[Pmwiki-users] Re: markup musings - notation idea
Patrick R. Michaud
pmichaud
Sat May 22 08:22:44 CDT 2004
On Sat, May 22, 2004 at 01:15:04PM +0200, Christian Ridderstr?m wrote:
> On Fri, 21 May 2004, John Feezell wrote:
>
> Just for comparison, I've written the examples below using '->'.
The thing I don't like about -> is that the most common form of
link should be a plain link to another wiki page, as in
[[free link]]
Somehow it seems weird to me that if I want to substitute a different
text for the link--a less common operation in a site that has useful
page titles--that I then put the text before the target instead of after
it. But perhaps this is just a feature of the cognitive model for links
I've been using, when perhaps the real model should be that the
common case is
[[link text]]
such that the [[...]] always denotes the text to be used in the link,
and then the -> or other notation says where the link should go if it's
someplace different than where the link text would naturally take it.
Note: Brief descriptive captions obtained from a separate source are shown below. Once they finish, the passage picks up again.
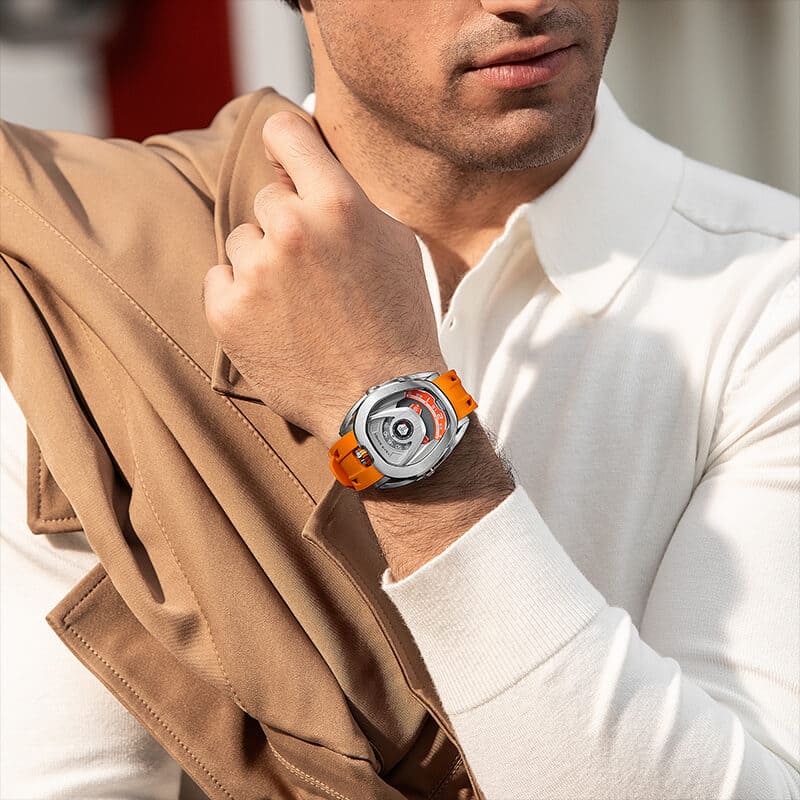 Close-up of a model wearing the TSAR BOMBA Reactor TB8213 staless steel Automatic Interchangeable Men's Watch. Features a sliver stainless steel case and bezel, powered by a Japanese automatic movement. Top dial: minutes; central dial: seconds. Bottom main display: hour hand = pointer reading + central window reading. The TB8213 utilizes the TSAR BOMBA interchangeable module system, allowing for quick and tool-free changes of the strap, bezel, and crown.orange strap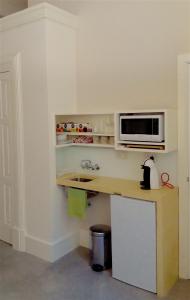 Kuchyň nebo kuchyňský kout v ubytování Palatial Flat inside Bright Duplex Penthouse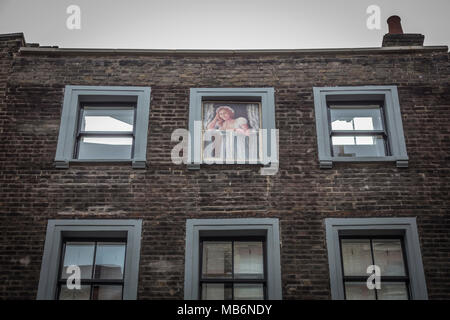 An upstairs woman in the window, above the Newman Arms public house on Rathbone Street, Fitzrovia, London, England, U.K. Stock Photo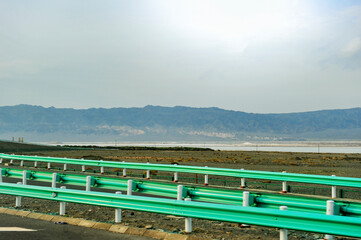 The boundless natural scenery of the Gobi Desert in Xinjiang, China, captured from a moving car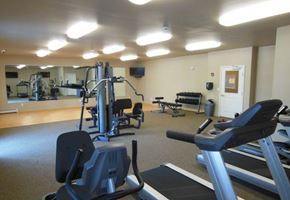 Moorhead apartment for rent - a gym with a lot of exercise equipment in it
Unfortunately, I think that this second model would confuse people who
are already used to the web. When creating a link, my natural inclination
is to first decide/specify "where I am linking to" and not
"what should the link text be". Thus I feel the target should go first.
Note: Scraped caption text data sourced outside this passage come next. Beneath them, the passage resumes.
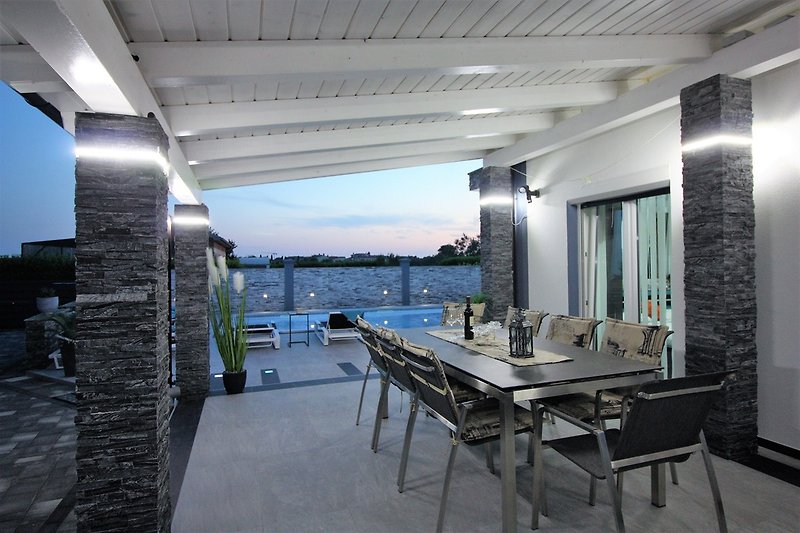 Outdoor terrace enjoys peaceful surrounding and view on the pool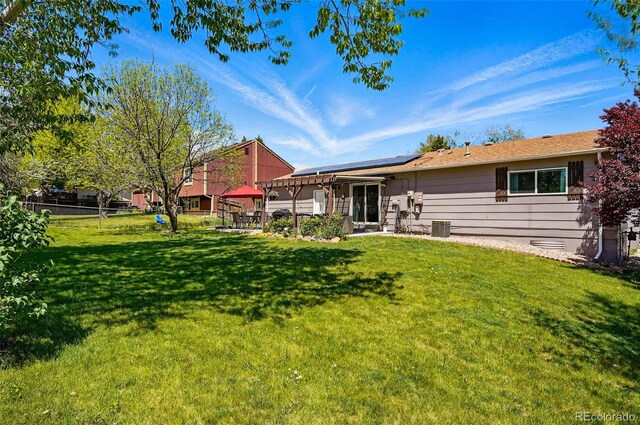 6655 S Elm Cir, Centennial, CO 80121 - rear view of property with roof mounted solar panels and central AC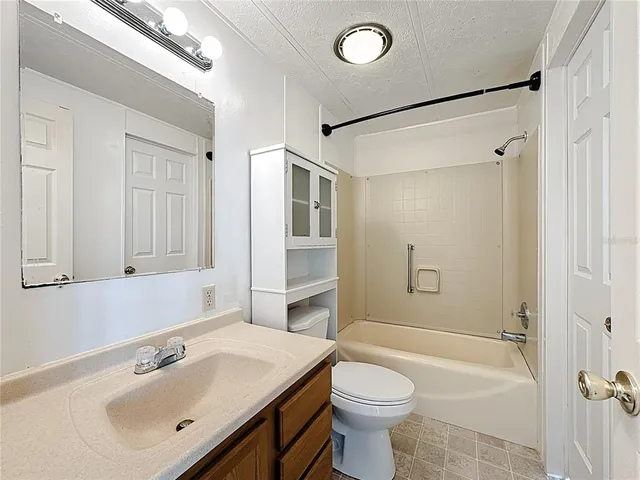 a bathroom with a sink toilet a mirror and shower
One can then say to reverse the arrow direction and use
[[target <- link text]], but this likewise confuses me at first
glance because "<-" implies to me a "going backward", when in
reality the link is taking someone "forward" to another location.
In general, the cognitive model I think I use is "I want to create
a link (i.e., [[...]]) to a target and sometimes specify some other
text for that link." Contrast this with "I want to create a link
with this text and sometimes go to a different target."
I think that part of the reason this works is that in the wiki,
unlike in HTML <a ...> tags, the target of the link can actually
be a useful component of a sentence or other phrase.